“Balyoz Planı” davasına bakan İstanbul
10. Ağır Ceza Mahkemesi ve Konya Barosu Başkanlığı'nın suç duyurusu
üzerine Silivri Cumhuriyet Başsavcılığı'nca başlatılan soruşturma
sonucunda “yargı görevi yapanı etkilemeye teşebbüs” suçundan başkanı ve
yöneticileri hakkında dava açılan İstanbul Barosu'nun, olağanüstü genel
kurulu başladı.
Haliç Kongre Merkezi'nde yapılan toplantıya, CHP Genel Başkan Yardımcısı Sezgin Tanrıkulu, CHP milletvekilleri Mahmut Tanal ve İlhan Cihaner, bazı baro başkanları ile Almanya'dan bazı hukuk kurumlarının temsilcileri katıldı.
Genel kurul divan başkanlığına Avukat Köksal Bayraktar seçildi.
Divanın oluşturulmasının ardından konuşan İstanbul Barosu Başkanı Ümit Kocasakal, “Askeri savcılık, avukatlık, öğretim üyeliği hayatım oldu. Tek sanık olmam eksikti, onu da tamamlamış olduk” dedi.
Yargının görevini yapmayı etkilemekten dolayı yargılandıklarını ifade eden Kocasakal, “Hakkımızda 3 ayrı suç duyurusu var. Baro başkanı olarak benim bir tane daha fazla. Baro kimsenin emir eri değil. Çok tarihi bir genel kurulu birlikte yapıyoruz” diye konuştu.
Savunmaların kısıtlandığını, avukatların salonlardan çıkarıldığını öne süren Kocasakal, şöyle devam etti:
“Ben avukatım istediğim davayı alırım. Siyasi bir dava almak bir avukatı örgüt üyesi mi yapar? Böyle yanlış, sakat bir mantık olabilir mi? Avukatlara adliyede saldırıldığına tanıklık ettim. Avukat kendi işyeri olan adliyelerde bir yabancı olarak görülmektedir. Biz adliyelerin sahibiyiz. Biz avukatız güce tapmayız, gerekirse kırılırız, eğilip bükülmeyiz. Hiç kimseden emir almayız. Kutup yıldızımız adalettir. Yargının kurucu unsuruyuz, yıkıcı unsurlarına karşı da biz varız. Meslek onurumuza yapılan her saldırı hakettiği cevabı alacaktır.

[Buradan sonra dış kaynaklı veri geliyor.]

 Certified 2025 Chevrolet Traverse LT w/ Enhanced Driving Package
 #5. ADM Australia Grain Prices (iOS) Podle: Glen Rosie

Bizi hukuksuz, mesnetsiz suç duyuruları, hapis tehditleri, baskı ve gözaltılarla korkutamazsınız. 17 Mayıs'ta yargı kendi kendini yargılayacak ve kendi kendine hüküm verecek. Haklıyız güçlüyüz, kazanacağız.”
Konuşmanın ardından Köksal Bayraktar, basın mensuplarının kürsüden inmesini istedi.
Bunun üzerine kürsüden inmek istemeyen ve Akit Gazetesi muhabiri olduğu belirtilen Mehmet Özmen ile görevliler arasında arbede çıktı. Arbedede fenalaşan ancak sedyede tepki göstermeye devam eden Özmen, ambulansla hastaneye kaldırıldı.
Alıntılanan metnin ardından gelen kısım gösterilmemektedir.